Katzenjammer – A Kiss Before You Go (Single Review)
Katzenjammer have a refreshingly spontaneous and free approach to music, unconstrained by the traditional roles band members take. Each of the four band mates keep things fresh and exciting for themselves by approaching every song with a different instrument. The fact that each member has such a detailed musical knowledge and a distinctly uncorperate method of song writing is highly commendable, but without the quality all this ideology is for nothing.
Thank God then that this all girl group from Oslo, Norway have created a gypsy pop powerhouse of catchy, memorable and beguiling anthems that all have their own distinct personalities. There is an incredible variety of genres and tones, from the bracingly different to the downright bizarre.
The album opens with a Germanic dirge chronicling a cautionary tale that transitions into a pop ditty that sounds like Amy McDonald on speed. The album is a roller coaster of highs and lows, turns and spins. On it we have a wonderful variety of European influence from Balkan to Irish to Scandinavian; melancholy ballads, communist propaganda and even a Genesis cover. Cherry Pie and Gypsy Flee not only sound like they were recorded to be on two different albums but by two different bands on two different continents.
However consistency is hard to maintain on an album with so much diversity and there are occasions when certain sheep stray too far from the flock. Some of the songs veer so far into the realm of whimsy they can become nauseating. Cocktails and Ruby Slippers for example takes the high pitched feminine wails too far and stays there for far too long. Cherry Pie is another that becomes so literal in its mimicry of 50’s American female vocal groups it takes on all of their attributes including the sickening wholesomeness.

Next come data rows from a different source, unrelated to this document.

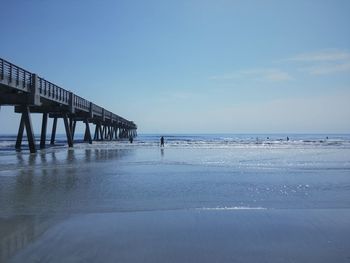 Pier over sea against sky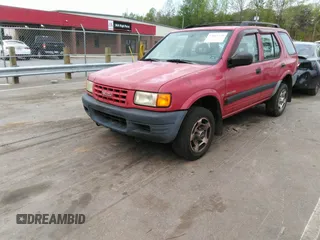 1998 Isuzu Rodeo S z VIN 4S2CK58WXW4325645, wystawiony jako IAAI lot #42013228 z przebiegiem 300 698 mil mil oraz . Historia ofert i sprzedaży dostępna na DreamBid. Obrazek 17.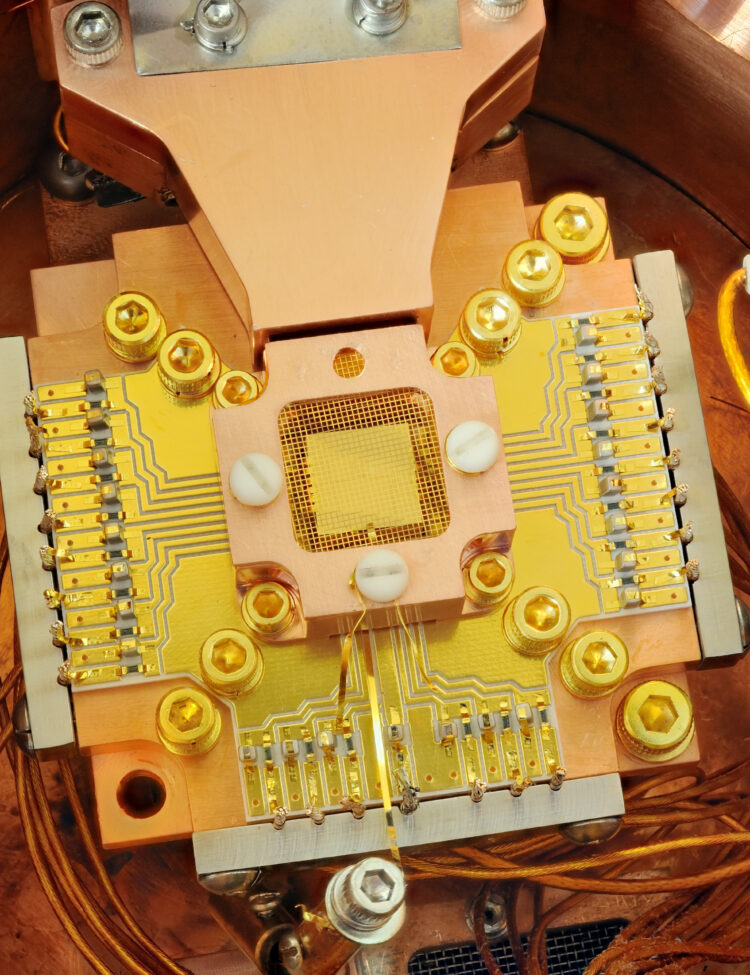 NIST physicists used this apparatus to coax two beryllium ions (electrically charged atoms) into swapping the smallest measurable units of energy back and forth, a technique that may simplify information processing in a quantum computer. The ions are trapped about 40 micrometers apart above the square gold chip in the center. The chip is surrounded by a copper enclosure and gold wire mesh to prevent buildup of static charge.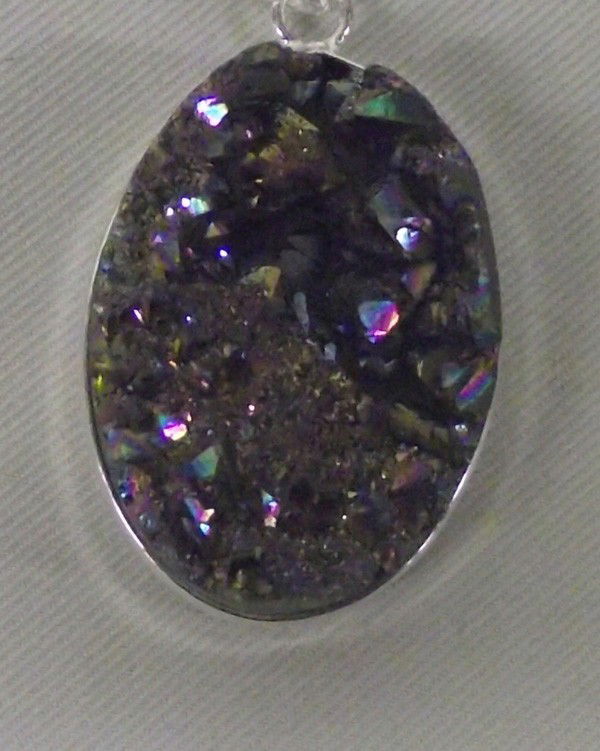 Sterling Titanium Peacock Druzy Pendant Necklace: DESCRIPTION: Large, sparkling titanium Peacock druzy pendant in sterling silver setting with sterling chain. SIZE: Chain is 24'' end to end and pendant is 1''Lx7/8''W.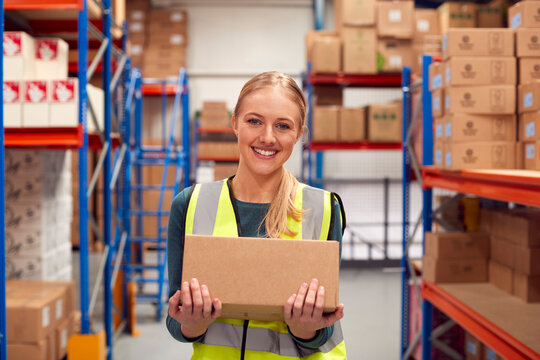Portrait Of Female Worker Holding Box Inside Warehouse 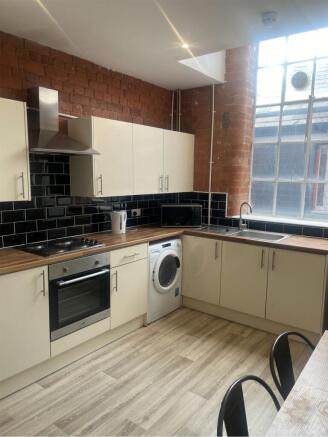 A spacious and modern kitchen featuring sleek c...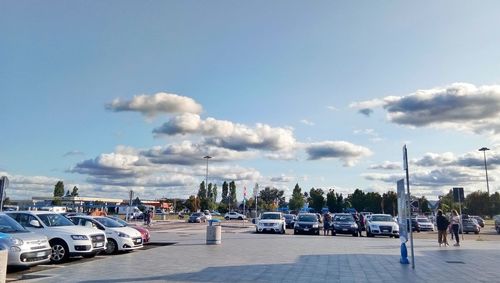 Cars parked on road against sky in city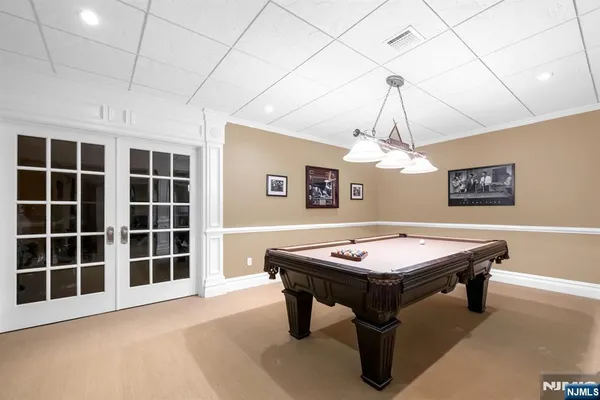a bathroom with a sink toilet and a mirror
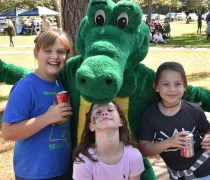 Alligator mascot poses with three girls at event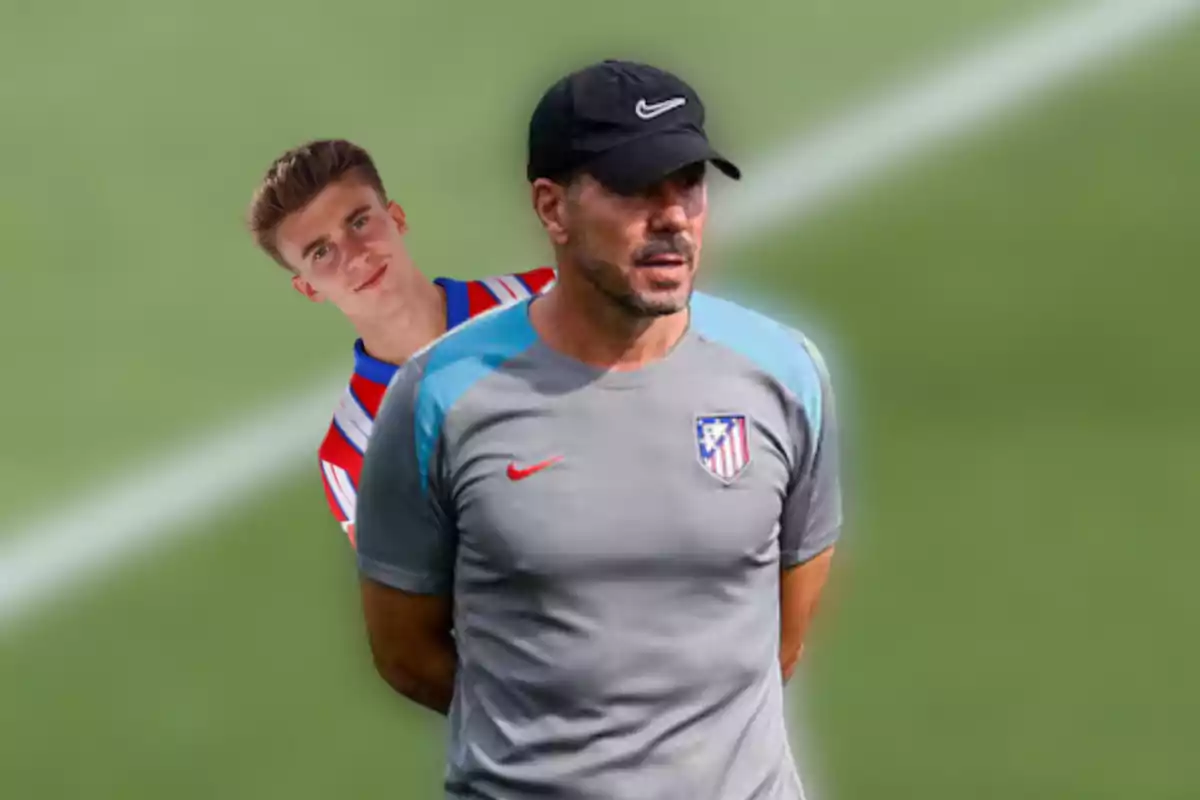 Dos hombres con ropa deportiva del Atlético de Madrid, uno con camiseta de rayas rojas y blancas y el otro con camiseta gris y gorra negra, sobre un fondo de campo de fútbol.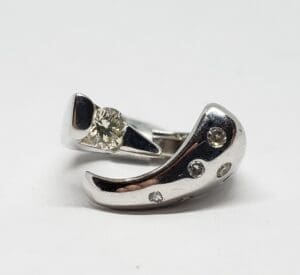 Silver ring with diamond accents.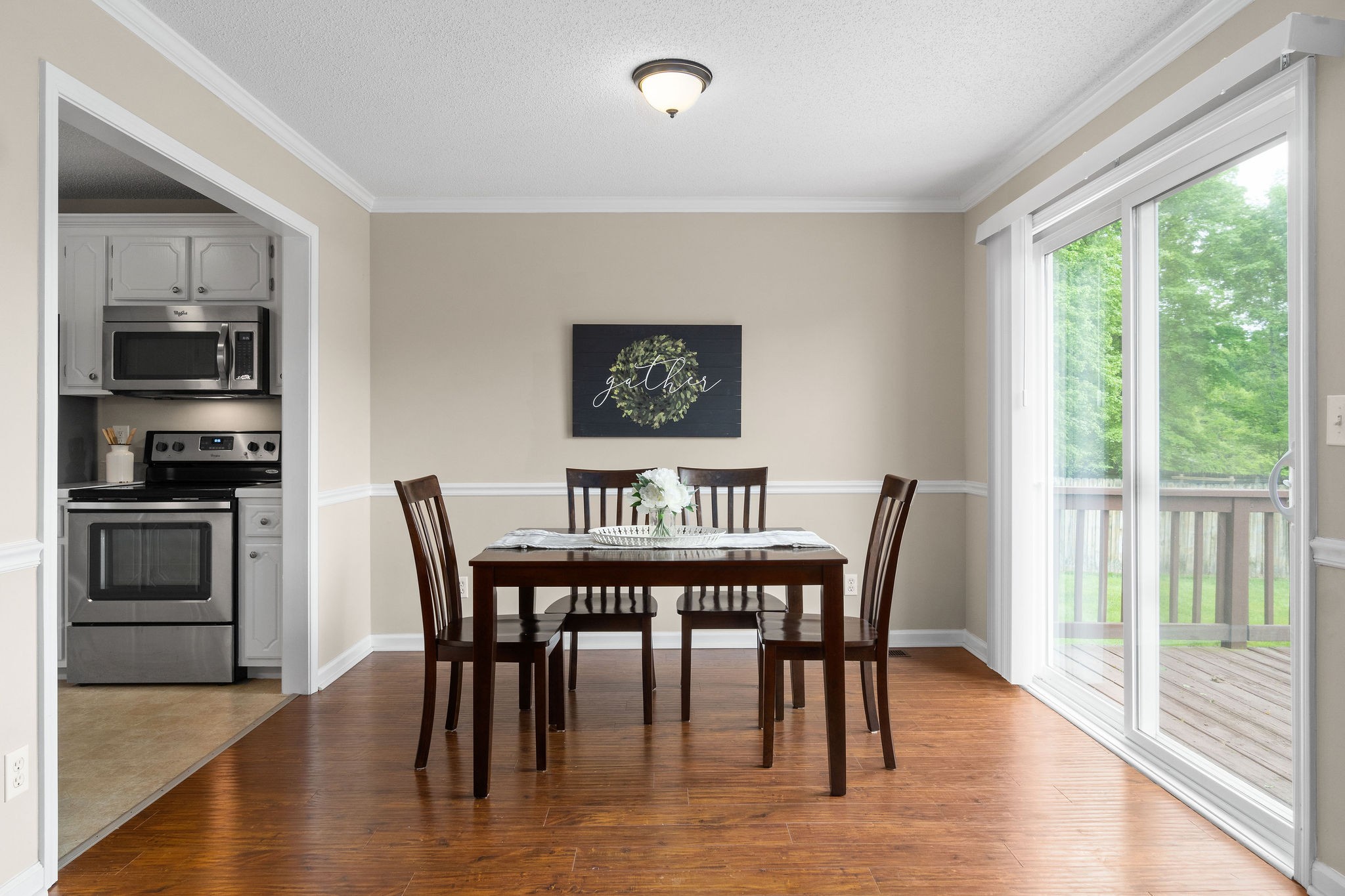 1626 Windriver Road Clarksville, TN 37042 - Photo 9 of 31 a view of a dining room with furniture window and wooden floor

Fortunately their other pop numbers like Rock, Paper, Scissors and I Will Dance (When I Walk Away) are so infectious and breathtaking it more than makes up for some odd moments of cheese and there are enough sour antidotes for the cupfuls of sugar in such tracks as Lady Marlene and Loathsome M. Call me a miserable bastard but I think this band’s at its best when their voices are grim and their instruments foretell doom.
Katzenjammer are a wildly thrilling band that make you excited to see what twist the next track will reveal. Interesting, thought provoking, using every instrument in their sights in ways that will screw with your mind until you are entirely under their spell.